﻿ Convergence considerations

# Convergence considerations

For early runs, set the convergence criteria loosely, or use Ctrl+F to stop the iterations.

If in doubt, set the convergence criteria very tightly for your final report, e.g.,

CONVERGE=B ; both LCONV= and RCONV= apply

LCONV= .0001 ; largest logit change .0001 logits

RCONV= .01 ; largest score residual .01 score points

MJMLE= 0 ; unlimited JMLE iterations

and be prepared to stop the iterations manually, if necessary, using "Finish Iterating", Ctrl+F, on the File pull-down menu

Remember that convergence criteria tighter than the reported standard error of a measure are somewhat of a numerical fiction.

The Rasch model is non-linear. This means that estimates cannot be obtained immediately and exactly, as can be done with the solution of simultaneous linear equations. Instead, estimates are obtained by means of a series of guesses at the correct answer.

The initial guess made by Winsteps is that all items are equally difficult and all persons equally able. The expected responses based on this guess are compared with the data. Some persons have performed better than expected, some worse. Some items are harder than expected, some easier. New guesses, i.e., estimates, are made of the person abilities and item difficulties, and also the rating (or partial credit) scale structures where relevant.

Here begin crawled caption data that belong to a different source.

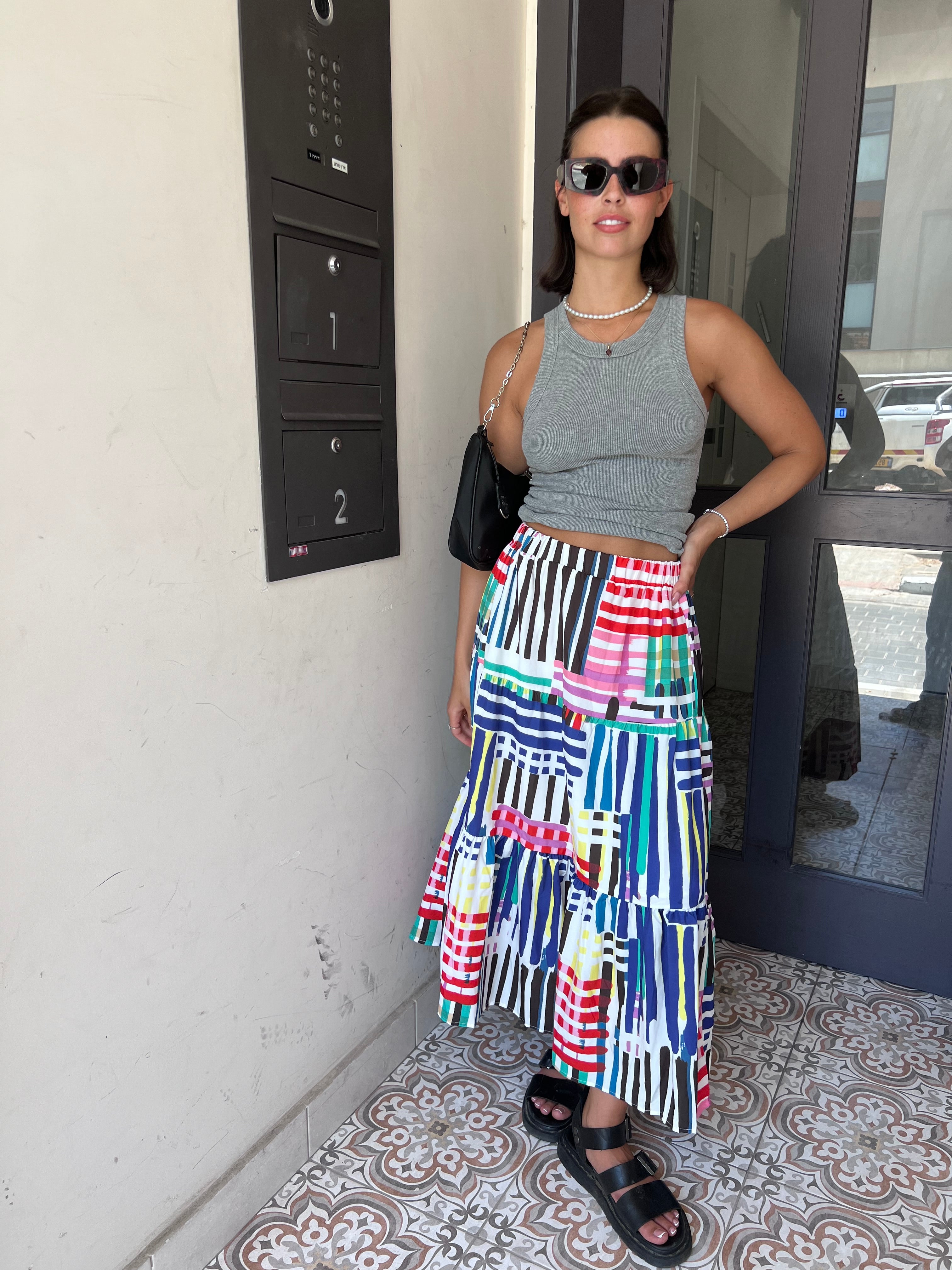 חצאית מידי קולר בלוק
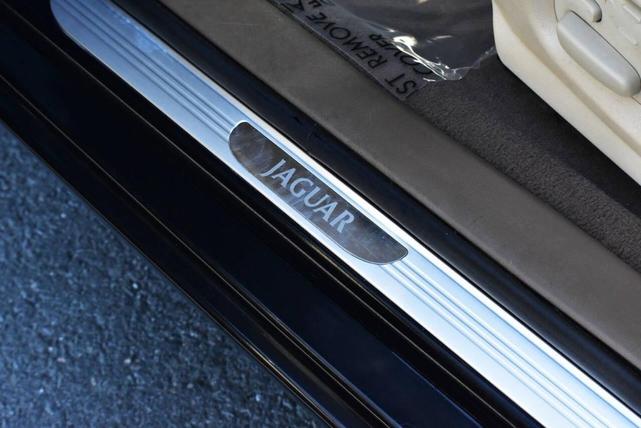 Photo of 2005 Ebony Jaguar S-Type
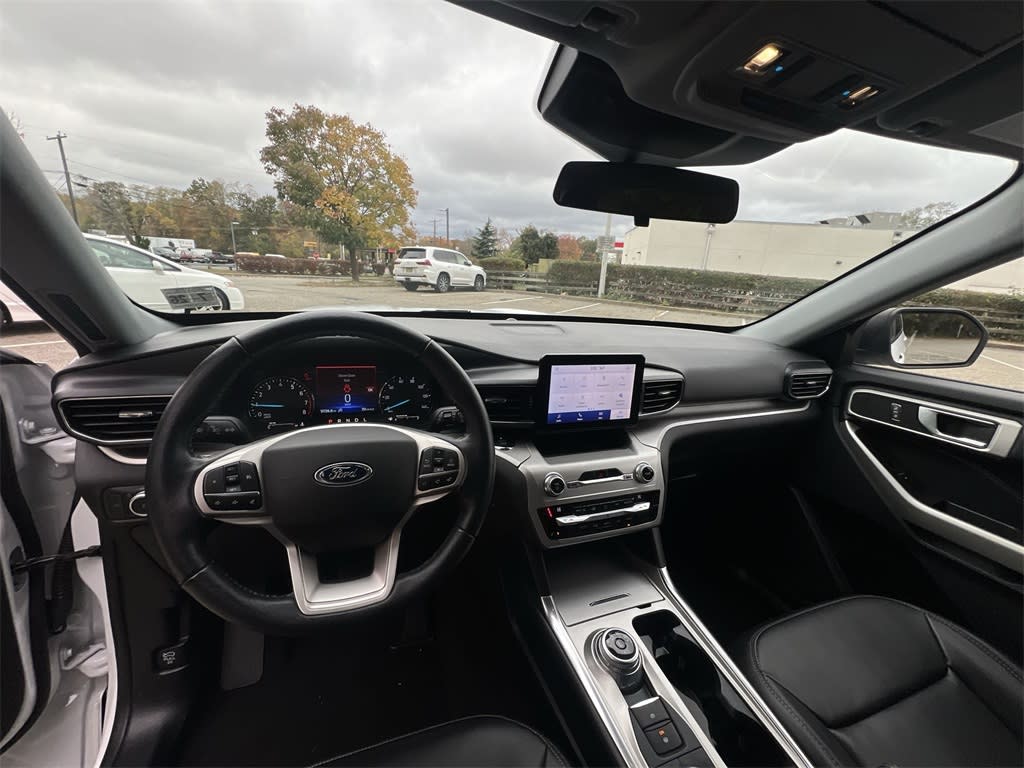 Thumbnail: 2021 Ford Explorer - 10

The data are again examined. This is an "iteration" through the data. Expectations are compared with observations, and revised estimates are computed.

This process continues until the change of the estimates is smaller than specified in LCONV=, or the biggest difference between the marginal "total" scores and the expected scores is smaller than specified in RCONV=. The precise stopping rule is controlled by CONVERGE=. When the estimates are good enough, the iterative process has "converged". Then iteration stops. Fit statistics are computed and the reporting process begins.

There are standard convergence criteria which are suitable for most small and medium-sized complete data sets. LCONV= is harder to satisfy for small complete data sets and many sparse data designs, RCONV= for large complete data sets.

The "least converged" persons (and items) are those that Winsteps is having the most difficulty estimating. This is not usually because their responses misfit the model but because their scores are extreme. It is more difficult to estimate the measure for a person who scores 1 out of 20 than of a person who scores 10 out of 20 (even if the 10 out of 20 greatly misfit the model). This is because Rasch estimation is done as though the data fit the model. Then, after the estimates have been made, the data are evaluated to determine the extent to which the data do fit the model. It is the same process in linear regression. The parameters are estimated as though the data fit the linear regression model. Then the data are investigated to see whether they do. It is at this later stage that outliers are detected. The Rasch model is a special case of logit-linear regression.

Anchored analyses

Anchor values always misalign somewhat with the current dataset unless they are estimated from it. Thus, the maximum residuals can never reduce to zero. Convergence occurs when the maximum logit change is too small to be meaningful. Accordingly, RCONV= is unproductive and only LCONV= is useful. Suggested specifications are:

CONVERGE = L ; only LCONV is operative

LCONV = .005  ; smaller than visible in standard, two decimal, output.

Missing data

For some data designs much tighter criteria are required, particularly linked designs with large amounts of missing data. For instance, in a vertical equating design of 5 linked tests, standard convergence occurred after 85 iterations. Tightening the convergence criteria, i.e., using smaller values of LCONV= and RCONV=, convergence occurred after 400 iterations. Further iterations made no difference as the limit of mathematical precision in the computer for this data set had been reached. The plot shows a comparison of the item difficulties for the 5 linked tests estimated according to the standard and strict convergence criteria.

CONVERGE = B

LCONV = .001  ; 10 time stricter than usual

RCONV = .01  ; 10 times stricter than usual

Note that convergence may take many iterations, and may require manual intervention to occur: Ctrl+F.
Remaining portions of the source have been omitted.